In most of the book, the protagonist is making a case for why he should leave his marriage. His cynical mind argues the futility of a social bond in which no love exists any more. The thought of his sons holds him back, but he convinces himself that they will be fine.
He compares his life with two of his friends, Alex – a committed married man, who has learnt to live with the occasional unhappiness in his domestic life. He’s proud that he’s sticking by one woman and advices Jay to do the same.
At the other end of the spectrum is his friend Victor, who has left his wife and is currently enjoying his promiscuous life as a bachelor.
Jay's mind is also occupied with thoughts of Nina, an attractive, young girl who he has been dating. But now he doesn't know where he stands with her either.

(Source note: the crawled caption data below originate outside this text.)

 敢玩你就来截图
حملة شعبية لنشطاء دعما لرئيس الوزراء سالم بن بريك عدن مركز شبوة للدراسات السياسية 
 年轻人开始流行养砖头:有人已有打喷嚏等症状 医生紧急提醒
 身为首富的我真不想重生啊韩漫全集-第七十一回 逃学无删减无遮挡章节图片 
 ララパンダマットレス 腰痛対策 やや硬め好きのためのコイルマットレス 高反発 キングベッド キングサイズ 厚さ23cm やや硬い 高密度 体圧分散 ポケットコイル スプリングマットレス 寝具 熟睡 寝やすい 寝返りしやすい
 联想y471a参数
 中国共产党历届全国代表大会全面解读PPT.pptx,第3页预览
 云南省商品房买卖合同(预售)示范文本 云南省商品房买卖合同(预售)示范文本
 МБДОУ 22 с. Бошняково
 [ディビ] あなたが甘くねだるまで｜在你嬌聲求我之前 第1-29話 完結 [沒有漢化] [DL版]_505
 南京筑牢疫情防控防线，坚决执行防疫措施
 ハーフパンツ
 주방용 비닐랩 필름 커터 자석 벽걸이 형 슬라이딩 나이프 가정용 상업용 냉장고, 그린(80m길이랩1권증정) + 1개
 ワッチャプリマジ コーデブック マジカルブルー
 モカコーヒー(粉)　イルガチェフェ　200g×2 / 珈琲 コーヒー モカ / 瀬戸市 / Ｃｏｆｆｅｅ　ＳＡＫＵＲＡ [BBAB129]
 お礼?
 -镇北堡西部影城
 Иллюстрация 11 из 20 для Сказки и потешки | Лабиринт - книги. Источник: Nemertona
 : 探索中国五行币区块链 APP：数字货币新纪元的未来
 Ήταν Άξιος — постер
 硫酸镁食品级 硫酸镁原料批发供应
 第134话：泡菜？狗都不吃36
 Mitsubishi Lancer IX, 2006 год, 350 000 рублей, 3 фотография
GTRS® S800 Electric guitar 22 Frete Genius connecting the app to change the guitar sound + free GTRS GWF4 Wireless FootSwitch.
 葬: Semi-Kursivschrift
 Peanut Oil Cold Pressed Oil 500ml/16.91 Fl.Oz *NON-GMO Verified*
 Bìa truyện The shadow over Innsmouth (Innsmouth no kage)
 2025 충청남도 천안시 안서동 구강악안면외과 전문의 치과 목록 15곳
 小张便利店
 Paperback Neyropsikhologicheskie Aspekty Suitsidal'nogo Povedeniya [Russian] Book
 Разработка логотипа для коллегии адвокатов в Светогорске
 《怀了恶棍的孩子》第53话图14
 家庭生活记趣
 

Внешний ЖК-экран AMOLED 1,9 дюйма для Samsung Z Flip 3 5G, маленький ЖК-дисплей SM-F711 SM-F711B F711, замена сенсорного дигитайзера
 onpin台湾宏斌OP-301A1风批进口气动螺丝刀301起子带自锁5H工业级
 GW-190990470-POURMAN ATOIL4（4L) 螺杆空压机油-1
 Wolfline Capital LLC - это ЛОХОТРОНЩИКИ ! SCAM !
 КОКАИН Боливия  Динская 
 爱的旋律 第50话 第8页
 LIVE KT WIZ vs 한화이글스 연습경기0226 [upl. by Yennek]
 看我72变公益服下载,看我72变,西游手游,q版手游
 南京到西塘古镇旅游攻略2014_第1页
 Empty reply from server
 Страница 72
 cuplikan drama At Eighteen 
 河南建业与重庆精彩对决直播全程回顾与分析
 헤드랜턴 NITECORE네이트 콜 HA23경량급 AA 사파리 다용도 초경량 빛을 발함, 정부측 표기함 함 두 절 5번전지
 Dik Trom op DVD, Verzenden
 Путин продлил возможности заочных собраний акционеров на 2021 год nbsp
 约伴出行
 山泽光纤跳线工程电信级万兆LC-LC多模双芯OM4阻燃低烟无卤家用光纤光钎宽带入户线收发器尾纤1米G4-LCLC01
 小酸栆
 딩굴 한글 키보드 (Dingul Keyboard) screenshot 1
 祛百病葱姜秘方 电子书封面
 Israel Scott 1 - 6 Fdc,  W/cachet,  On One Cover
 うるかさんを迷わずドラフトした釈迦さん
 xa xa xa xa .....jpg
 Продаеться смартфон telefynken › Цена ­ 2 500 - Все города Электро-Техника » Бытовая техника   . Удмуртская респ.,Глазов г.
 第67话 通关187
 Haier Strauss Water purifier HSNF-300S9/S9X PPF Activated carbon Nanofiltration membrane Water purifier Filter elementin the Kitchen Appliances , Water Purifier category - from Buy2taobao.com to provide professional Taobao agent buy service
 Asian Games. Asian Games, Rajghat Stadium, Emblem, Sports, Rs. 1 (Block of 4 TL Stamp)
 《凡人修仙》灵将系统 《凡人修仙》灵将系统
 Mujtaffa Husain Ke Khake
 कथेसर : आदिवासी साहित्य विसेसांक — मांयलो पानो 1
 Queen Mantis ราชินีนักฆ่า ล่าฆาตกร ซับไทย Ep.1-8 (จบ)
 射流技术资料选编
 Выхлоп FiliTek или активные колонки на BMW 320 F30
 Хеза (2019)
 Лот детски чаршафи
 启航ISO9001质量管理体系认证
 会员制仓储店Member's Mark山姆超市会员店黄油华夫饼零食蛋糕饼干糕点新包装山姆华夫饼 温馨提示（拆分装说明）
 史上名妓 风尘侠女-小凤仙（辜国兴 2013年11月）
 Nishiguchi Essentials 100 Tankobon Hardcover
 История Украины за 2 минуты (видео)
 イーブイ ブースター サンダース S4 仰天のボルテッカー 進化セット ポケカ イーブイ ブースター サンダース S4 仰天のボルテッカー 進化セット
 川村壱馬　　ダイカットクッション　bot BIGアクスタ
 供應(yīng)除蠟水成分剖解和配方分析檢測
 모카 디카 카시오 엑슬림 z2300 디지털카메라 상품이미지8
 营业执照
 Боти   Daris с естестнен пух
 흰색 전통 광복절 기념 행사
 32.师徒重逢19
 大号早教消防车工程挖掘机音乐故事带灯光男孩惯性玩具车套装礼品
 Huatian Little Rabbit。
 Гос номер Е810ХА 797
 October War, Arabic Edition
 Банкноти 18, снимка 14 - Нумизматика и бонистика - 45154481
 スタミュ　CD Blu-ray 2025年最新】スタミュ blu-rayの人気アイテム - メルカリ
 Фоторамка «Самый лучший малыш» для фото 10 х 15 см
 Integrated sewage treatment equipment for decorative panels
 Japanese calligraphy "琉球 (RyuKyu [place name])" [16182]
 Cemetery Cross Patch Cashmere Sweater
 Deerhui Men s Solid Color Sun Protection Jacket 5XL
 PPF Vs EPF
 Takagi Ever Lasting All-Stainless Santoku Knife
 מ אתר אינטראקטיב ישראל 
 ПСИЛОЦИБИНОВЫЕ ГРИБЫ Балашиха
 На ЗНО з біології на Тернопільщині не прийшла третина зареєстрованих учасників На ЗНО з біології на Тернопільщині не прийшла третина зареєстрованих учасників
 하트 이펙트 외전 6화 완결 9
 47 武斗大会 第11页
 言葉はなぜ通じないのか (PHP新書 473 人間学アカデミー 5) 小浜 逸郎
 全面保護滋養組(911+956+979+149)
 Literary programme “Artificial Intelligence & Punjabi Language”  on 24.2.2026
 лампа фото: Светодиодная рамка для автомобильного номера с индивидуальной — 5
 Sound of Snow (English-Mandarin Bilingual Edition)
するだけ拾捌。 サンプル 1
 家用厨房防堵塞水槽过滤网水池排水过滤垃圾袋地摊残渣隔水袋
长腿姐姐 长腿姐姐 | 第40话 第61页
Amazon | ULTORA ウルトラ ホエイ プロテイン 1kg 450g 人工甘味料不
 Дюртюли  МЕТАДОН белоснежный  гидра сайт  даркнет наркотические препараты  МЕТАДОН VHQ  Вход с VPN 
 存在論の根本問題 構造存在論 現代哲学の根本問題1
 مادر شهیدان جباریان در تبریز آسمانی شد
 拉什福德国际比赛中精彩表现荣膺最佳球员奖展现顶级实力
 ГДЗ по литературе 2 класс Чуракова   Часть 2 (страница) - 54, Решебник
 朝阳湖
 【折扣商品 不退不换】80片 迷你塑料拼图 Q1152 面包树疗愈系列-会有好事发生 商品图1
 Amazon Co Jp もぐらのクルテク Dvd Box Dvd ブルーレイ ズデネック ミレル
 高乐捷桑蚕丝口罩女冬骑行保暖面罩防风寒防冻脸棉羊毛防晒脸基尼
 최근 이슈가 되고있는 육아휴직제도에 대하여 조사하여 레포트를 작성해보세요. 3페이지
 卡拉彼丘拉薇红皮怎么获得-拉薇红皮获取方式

The author Hanif Kureishi has been a student of philosophy in London and expectedly he takes the opportunity to dwell on the institution of marriage and how ultimately it becomes an entrapment, extracting a heavy price through the denial of personal hope and dreams.

Kureishi is most assuredly cynical about his marriage and the institution in general, but he's also conscious of the larger human condition where loneliness is inevitable. Even if he were to leave his wife, would the love he finds outside last at all? "Suppose it is like an illness that you give to everyone you meet," he asks.

The book teems with quotes on marriage, desire and life in general. Talking about his parents' relationship, the protagonist says, "Both he and mother were frustrated, neither being able to find a way to get what they wanted, whatever that was. Nevertheless they were loyal and faithful to one another. Disloyal and unfaithful to themselves."

His protagonist's act is clearly irresponsible, but there is a touch of poignancy in his need to be accepted and loved. He says he will not leave, if only his wife were to touch him in bed tonight and make him feel wanted.

Writers always express best that which is close to their heart. Intimacy could only have been written by a man who felt all those emotions and who lived through a period of moral, social and personal dilemma.
At less than 150 pages, the book is an intimate and personal exploration into a man's mind, torn between conflicting feelings. The book was possibly written at one go in a stream -of-consciousness narrative, wherein thoughts travel back and forth in time.
The book puts forth questions but attempts to provide no real answers. It's one person's point of view from a singular prism, which means it eschews the larger issues in marriage. This book confirms your worst fears about marital bonds but there is no larger exploration of the institution in today's context.

Men might relate to the book more, most women will despise it. Intimacy is like reading only one half of a more complicated story. But for what it is, the novella gives you a penetrating, insightful view into the male psyche and to that extent, it is a worthy read.

PS: The book was adapted into a film by Patrice Chereau, titled, Intimacy

6 comments:

rishi said...

mast hai!! where i can get this novel?

Abhishek Bandekar said...

Intimacy is like reading only one half of a more complicated story.

That is a wonderful summation. I've always felt that many of these books that deal with 'male angst' generally present only one half...the conveniently self-deriding yet wallowing in self-pity half. But I guess, like it is in romantic films, we, the audience, be it the viewing one or the reading one, is satisfied so long as the 'picture' presented, even if it is not a 'unisexual' one, is poignant and cathartic.

I'd seen the film version a few years ago...and although the film dealt with loathing very well, I felt the whole French Extremity wave kinda felt forced...this film needed to be 'intimate'...the explicit sex scenes were anything but.

Ajit said...

thanks i will surely go for that ...

Kaushik said...

terrific... each of your blogs... need to read all of them... please help me.. i have a doubt that i did meet you in Pune... Are you the same... You joined TOI when i was just about to leave TOI... 2001 i think... I was a student of SIMC...
do write back if you are the same at kaushik@kaushikchakravorty.com

Sandhya Iyer said...

Yes, Kaushik, I was with TOI for three years. And I have a faint memory of knowing you. Thanks for visiting.